# Indian Head and Pax River Naval Base



## SFOX7997 (Aug 1, 2015)

I am newer to the area and have base access. 

Anyone know the ins and outs of where fishing is allowed etc. Additional fishing permit requirements? 

Do the facilities offer shore/pier/kayak launch etc. What is the general atmosphere? Are people hovering over you etc.

Been trying to look on the base websites but not much info on there.

I have been going to PLO but would like to explore other locations since these are much closer to my house. 

Thanks.


----------



## Big Rad (May 19, 2003)

Type in "Pax Naval Base" or just "Pax river" in the search box.


----------



## SFOX7997 (Aug 1, 2015)

I appreciate the help but that generated a 347 result search on 17 pages. Guess you are telling me to do some reading lol.

I did find a link to Pax River NAS natural resources with some very general info. 
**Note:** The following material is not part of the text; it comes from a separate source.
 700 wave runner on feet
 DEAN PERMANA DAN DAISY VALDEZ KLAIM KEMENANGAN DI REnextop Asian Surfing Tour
Something specific to the locations would be great if anyone has been there.

Thanks.


----------



## 1BadF350 (Jul 19, 2006)

Try using your base access to maybe, I don't know,....ask someone at the base?


----------



## SFOX7997 (Aug 1, 2015)

Why didn't I think of that? 

Or maybe I should go to an online forum that is geared around fishing in the local area where there are people willing to share information with those that are less knowledgeable. 

Why send a reply if it doesn't contribute to the conversation?

Have a good one.


----------



## crappie410 (Jun 5, 2015)

Lmfaooooo that was funny as ****


----------



## TunaFish (Aug 16, 2001)

SFOX7997 said:


> I am newer to the area and have base access.
> 
> Anyone know the ins and outs of where fishing is allowed etc. Additional fishing permit requirements?
> 
> ...


In addtition to your SW license, you do need to purchase a base fishing license. It can be purchased at the rec center.
Yes, there is a boat launch where you can launch your yak. No, people won't be hovering over you. There are plenty of open spaces for you to fish and a pier too. Just drive around and pick your spot. Also, watch your speed, I've seen quite a few folks get pulled over.


----------



## captmikestarrett (Apr 28, 2004)

Indian Head Base has a marina and fire boat pier on the Stumpneck side that they used to let you fish off..may not anymore. On Indian Head off Patterson Rd the bulkhead area is some great catfishing.. 
Once again I am not sure if you are allowed to fish there anymore. 

Capt Mike


----------



## gogorome (May 22, 2009)

Get on pax nas... Drive the perimeter and youll find plenty of places... Hog point, fishing point ...supposed to have an addtl base fishing permit, but can likely get away without it.. Overall, it's my favorite place to fish in md.. Both productive and not crowded..


----------



## SFOX7997 (Aug 1, 2015)

Thanks for the positive replies and info. I appreciate the detail of where on base to look for and amount of people. Indian head is real close and a great catfish day sounds good to find a personal best photo op.


----------



## surfnsam (Apr 28, 2008)

Yeah hog point at pax is a good spot.I still think I hold the record for striper there. 43" on opening day in '11


----------